In our living room, a half-finished fig costume lay on the ground in a pile, like something dead that picked out its place to die. Ellen had just started a job as director of promotions for the Fig Advisory Board, and the costume was her first big project. While she was at the store, the tailor came by and said he wouldn't finish the job and that I had to take it. I didn't know what to say to him. The thing was huge and took up more space in our already-cramped apartment than you'd think.
She walked in, arms straining with two bags in each hand, and stopped just inside the doorway.
"Why is this here?" she said.
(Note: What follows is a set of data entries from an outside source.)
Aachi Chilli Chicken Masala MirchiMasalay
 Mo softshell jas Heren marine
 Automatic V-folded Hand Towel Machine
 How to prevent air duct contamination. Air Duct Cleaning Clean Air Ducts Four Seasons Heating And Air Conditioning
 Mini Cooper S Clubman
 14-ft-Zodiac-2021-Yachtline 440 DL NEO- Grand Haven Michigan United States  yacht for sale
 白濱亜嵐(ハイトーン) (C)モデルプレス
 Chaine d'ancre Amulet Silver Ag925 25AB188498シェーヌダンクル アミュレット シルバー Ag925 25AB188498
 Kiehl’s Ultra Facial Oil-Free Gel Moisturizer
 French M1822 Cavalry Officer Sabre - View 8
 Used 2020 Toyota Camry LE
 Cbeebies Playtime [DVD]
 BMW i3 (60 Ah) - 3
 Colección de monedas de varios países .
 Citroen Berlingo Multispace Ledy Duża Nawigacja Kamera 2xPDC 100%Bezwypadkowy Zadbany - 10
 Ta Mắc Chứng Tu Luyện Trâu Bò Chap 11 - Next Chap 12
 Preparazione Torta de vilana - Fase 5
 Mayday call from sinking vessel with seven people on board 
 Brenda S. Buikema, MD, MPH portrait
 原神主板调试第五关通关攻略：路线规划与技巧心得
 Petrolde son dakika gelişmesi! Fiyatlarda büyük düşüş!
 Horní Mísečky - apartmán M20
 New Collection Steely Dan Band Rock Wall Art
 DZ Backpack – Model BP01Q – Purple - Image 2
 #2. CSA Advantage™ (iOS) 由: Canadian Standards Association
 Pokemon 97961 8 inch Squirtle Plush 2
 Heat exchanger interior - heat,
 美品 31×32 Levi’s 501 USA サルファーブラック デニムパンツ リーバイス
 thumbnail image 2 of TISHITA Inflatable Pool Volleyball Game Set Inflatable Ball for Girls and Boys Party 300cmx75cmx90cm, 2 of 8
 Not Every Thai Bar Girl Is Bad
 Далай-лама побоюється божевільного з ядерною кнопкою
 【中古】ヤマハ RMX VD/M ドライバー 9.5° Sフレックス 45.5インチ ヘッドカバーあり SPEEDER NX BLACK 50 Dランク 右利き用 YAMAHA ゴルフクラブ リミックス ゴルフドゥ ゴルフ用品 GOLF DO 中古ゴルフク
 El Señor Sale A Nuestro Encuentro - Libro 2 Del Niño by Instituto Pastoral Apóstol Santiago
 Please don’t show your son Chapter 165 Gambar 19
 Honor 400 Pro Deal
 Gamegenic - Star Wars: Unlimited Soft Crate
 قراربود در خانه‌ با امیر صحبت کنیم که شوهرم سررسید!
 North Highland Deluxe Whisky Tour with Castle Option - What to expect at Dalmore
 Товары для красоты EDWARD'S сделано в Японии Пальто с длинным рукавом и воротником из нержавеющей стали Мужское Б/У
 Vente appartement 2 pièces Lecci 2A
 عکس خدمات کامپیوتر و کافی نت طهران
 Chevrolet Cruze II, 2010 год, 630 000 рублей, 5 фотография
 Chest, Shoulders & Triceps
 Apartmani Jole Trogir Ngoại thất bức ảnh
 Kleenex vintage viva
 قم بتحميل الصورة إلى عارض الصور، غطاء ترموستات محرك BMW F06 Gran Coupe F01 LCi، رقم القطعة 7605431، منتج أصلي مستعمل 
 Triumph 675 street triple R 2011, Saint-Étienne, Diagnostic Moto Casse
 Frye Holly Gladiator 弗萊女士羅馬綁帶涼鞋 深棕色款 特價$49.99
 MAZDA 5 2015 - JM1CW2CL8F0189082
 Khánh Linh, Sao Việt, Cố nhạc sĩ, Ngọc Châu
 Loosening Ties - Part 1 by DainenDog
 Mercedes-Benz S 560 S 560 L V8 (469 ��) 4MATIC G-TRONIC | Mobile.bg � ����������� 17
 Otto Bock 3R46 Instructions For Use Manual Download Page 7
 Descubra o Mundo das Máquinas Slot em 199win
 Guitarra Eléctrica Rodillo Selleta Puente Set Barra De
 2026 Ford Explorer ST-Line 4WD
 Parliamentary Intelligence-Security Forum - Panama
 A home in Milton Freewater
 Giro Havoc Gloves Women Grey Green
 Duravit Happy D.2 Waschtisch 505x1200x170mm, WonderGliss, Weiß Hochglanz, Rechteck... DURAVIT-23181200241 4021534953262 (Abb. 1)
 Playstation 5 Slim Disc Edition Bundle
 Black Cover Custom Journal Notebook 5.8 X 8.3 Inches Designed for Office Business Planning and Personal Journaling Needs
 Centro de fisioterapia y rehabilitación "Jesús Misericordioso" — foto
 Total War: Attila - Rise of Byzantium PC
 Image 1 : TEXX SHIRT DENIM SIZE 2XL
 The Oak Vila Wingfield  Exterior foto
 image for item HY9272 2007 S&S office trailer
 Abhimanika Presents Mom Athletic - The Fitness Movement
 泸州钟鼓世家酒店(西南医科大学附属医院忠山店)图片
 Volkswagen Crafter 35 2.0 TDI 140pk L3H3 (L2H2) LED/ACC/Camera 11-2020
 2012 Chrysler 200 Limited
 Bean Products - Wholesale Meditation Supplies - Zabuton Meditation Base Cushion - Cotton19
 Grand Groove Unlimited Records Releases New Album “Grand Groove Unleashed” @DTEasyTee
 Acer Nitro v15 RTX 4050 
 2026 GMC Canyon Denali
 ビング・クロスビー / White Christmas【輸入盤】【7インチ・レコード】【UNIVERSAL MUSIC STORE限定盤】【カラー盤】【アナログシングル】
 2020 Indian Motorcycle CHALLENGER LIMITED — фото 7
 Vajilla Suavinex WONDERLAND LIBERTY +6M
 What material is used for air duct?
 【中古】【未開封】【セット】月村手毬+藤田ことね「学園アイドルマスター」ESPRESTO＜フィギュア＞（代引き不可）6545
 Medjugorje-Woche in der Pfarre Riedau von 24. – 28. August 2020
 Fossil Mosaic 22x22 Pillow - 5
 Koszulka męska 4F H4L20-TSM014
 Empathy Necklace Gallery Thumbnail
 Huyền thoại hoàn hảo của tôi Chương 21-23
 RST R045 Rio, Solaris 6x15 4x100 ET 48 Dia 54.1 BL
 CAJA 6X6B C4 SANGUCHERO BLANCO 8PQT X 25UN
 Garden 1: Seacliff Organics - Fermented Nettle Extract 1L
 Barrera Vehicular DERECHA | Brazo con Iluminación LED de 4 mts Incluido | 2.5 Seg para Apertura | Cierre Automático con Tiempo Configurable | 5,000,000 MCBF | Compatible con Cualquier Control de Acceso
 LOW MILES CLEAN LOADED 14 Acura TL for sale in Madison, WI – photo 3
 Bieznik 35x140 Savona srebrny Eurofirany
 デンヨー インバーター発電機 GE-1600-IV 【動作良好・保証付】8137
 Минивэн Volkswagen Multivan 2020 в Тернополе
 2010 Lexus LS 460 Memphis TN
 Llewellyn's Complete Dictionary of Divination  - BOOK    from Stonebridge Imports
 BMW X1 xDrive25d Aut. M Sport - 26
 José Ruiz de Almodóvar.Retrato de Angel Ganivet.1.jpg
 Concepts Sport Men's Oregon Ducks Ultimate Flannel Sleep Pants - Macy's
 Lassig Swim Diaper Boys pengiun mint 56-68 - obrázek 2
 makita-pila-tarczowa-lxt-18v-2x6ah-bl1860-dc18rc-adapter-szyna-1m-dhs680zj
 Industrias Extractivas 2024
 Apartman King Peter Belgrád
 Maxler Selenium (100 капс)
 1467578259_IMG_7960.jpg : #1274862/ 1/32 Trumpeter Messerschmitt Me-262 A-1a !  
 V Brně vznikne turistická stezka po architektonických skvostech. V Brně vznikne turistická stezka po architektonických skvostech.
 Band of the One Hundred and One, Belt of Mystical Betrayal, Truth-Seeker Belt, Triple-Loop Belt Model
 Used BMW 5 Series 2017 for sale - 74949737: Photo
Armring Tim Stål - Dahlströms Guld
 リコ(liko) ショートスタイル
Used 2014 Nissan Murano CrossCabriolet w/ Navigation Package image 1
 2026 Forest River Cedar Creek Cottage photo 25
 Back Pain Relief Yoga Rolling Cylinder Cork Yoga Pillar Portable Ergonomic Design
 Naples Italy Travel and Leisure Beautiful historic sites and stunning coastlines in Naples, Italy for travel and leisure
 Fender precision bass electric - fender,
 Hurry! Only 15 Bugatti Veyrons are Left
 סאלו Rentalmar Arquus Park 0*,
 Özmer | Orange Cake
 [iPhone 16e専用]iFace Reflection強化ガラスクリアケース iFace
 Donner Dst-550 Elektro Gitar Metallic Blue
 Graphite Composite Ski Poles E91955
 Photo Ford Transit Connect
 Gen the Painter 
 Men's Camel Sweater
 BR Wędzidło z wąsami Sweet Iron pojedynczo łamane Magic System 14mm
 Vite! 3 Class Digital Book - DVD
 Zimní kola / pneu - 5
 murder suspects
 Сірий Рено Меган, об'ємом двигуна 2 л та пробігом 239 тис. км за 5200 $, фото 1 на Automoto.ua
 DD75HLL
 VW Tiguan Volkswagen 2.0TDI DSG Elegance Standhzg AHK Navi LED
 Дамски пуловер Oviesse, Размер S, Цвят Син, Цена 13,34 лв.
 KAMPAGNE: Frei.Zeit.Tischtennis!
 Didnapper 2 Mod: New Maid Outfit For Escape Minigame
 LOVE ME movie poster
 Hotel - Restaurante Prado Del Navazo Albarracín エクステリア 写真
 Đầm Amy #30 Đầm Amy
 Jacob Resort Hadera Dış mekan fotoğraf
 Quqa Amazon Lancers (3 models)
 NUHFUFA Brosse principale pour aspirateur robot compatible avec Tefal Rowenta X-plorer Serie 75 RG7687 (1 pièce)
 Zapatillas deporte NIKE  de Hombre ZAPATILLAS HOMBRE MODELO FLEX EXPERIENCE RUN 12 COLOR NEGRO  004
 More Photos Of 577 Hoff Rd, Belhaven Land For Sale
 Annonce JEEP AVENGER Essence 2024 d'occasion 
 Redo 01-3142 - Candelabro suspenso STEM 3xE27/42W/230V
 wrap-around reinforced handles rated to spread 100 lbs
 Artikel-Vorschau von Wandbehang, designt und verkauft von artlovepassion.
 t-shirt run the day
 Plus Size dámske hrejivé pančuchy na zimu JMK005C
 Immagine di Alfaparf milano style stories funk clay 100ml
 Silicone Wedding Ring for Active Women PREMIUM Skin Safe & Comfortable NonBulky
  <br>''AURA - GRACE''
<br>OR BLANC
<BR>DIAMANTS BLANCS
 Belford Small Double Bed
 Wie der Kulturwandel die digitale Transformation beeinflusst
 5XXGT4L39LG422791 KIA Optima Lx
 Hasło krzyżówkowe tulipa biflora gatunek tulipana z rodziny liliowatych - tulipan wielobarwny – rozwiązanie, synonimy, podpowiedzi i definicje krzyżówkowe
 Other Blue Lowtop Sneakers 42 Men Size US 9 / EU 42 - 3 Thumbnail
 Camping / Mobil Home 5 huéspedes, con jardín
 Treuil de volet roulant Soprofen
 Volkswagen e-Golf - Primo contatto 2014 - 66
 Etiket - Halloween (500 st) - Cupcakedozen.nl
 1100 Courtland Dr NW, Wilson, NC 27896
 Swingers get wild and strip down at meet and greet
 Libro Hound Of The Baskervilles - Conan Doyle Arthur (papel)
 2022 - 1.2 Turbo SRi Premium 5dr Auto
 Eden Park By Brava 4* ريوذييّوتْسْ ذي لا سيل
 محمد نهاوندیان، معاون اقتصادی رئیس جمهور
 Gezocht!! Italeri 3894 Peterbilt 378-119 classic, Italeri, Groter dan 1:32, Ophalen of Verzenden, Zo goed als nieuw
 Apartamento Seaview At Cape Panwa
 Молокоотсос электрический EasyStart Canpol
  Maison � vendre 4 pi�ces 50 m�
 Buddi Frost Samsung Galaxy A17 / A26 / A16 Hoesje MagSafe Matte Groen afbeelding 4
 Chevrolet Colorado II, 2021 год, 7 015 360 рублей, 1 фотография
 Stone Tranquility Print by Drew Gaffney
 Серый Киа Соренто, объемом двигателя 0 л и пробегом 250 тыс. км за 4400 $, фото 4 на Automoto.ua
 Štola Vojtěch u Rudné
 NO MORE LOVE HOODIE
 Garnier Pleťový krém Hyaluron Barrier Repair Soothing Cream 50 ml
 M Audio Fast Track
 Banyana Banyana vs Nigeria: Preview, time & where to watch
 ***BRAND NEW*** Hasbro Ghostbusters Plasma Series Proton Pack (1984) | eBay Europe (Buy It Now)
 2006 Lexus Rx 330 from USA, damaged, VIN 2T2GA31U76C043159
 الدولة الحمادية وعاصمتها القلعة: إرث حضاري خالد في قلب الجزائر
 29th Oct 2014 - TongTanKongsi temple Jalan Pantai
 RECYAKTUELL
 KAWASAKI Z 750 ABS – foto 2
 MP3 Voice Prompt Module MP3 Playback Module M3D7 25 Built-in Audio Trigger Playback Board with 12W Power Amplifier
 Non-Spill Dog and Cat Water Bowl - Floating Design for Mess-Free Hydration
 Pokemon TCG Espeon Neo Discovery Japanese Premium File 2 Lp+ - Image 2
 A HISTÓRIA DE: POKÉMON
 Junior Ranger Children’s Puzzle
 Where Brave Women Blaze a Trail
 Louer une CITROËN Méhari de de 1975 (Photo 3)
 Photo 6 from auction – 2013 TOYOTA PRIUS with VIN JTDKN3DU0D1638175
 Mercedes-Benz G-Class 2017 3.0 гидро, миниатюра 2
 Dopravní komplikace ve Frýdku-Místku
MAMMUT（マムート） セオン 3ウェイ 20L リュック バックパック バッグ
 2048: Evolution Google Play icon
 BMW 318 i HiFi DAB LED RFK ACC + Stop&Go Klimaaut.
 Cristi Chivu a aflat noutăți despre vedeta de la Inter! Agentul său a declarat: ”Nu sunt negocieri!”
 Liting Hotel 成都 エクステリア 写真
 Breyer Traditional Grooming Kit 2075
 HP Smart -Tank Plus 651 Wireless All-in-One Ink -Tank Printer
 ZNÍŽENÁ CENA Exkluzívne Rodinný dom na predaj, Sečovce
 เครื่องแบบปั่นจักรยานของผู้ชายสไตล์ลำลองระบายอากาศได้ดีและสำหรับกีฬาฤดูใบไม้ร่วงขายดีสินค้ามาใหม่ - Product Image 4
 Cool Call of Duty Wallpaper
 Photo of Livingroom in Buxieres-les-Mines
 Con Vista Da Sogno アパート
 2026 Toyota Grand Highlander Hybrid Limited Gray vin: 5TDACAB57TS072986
She looked tired, maybe because it was Sunday and she didn't wear any make-up on Sunday.
I was sitting on the couch, reading the TV Guide and setting the VCR for the week ahead. "The tailor came by," I said over my shoulder. "He said unless he got the price he wanted, you could finish it yourself."
"Oh no. I told him I can't take it back. Why didn't you refuse it?" She dropped all four bags to the floor. I hoped there weren't any eggs in there.
"I didn't know what to say to him. He just dropped it off."
Ellen walked over to the costume. It blocked the walkway to the bedroom and bathroom. There was just no other place for it. We still had boxes from moving two months ago, and our furniture, all made in my wood-working shop back in Walla Walla, just didn't fit in this one bedroom apartment. I sure wasn't going to get rid of any of that furniture, though.
She picked up the costume and leaned it upright against the wall. A metal framework gave it its oblong shape, half-covered with fig-brown material. As it sat slumped against the wall looking out at Ellen and me, it scared me a little, the inside wiring visible where there wasn't any material, kind of a huge fig skeleton.
"I can't take this into the office looking like this. My first project and now this happens. I'd be a laughing stock." She turned from the fig and looked at me. "I'm already over-budget on this costume." She shook her head.
I hated to see Ellen like this. In Walla Walla, she was always so successful at her job, but things just weren't the same for us in Dinuba.
The problem with Dinuba was it was built around a false economy. There were no less than seven agricultural advisory boards within its city limits. Almond, Pear, Apricot, Jicama, Kiwi, Raisin and Fig. The boards were financed by the state government to promote and extend the use of California agricultural products within and outside the state of California. It just didn't seem right to me: a whole town revolving around those boards.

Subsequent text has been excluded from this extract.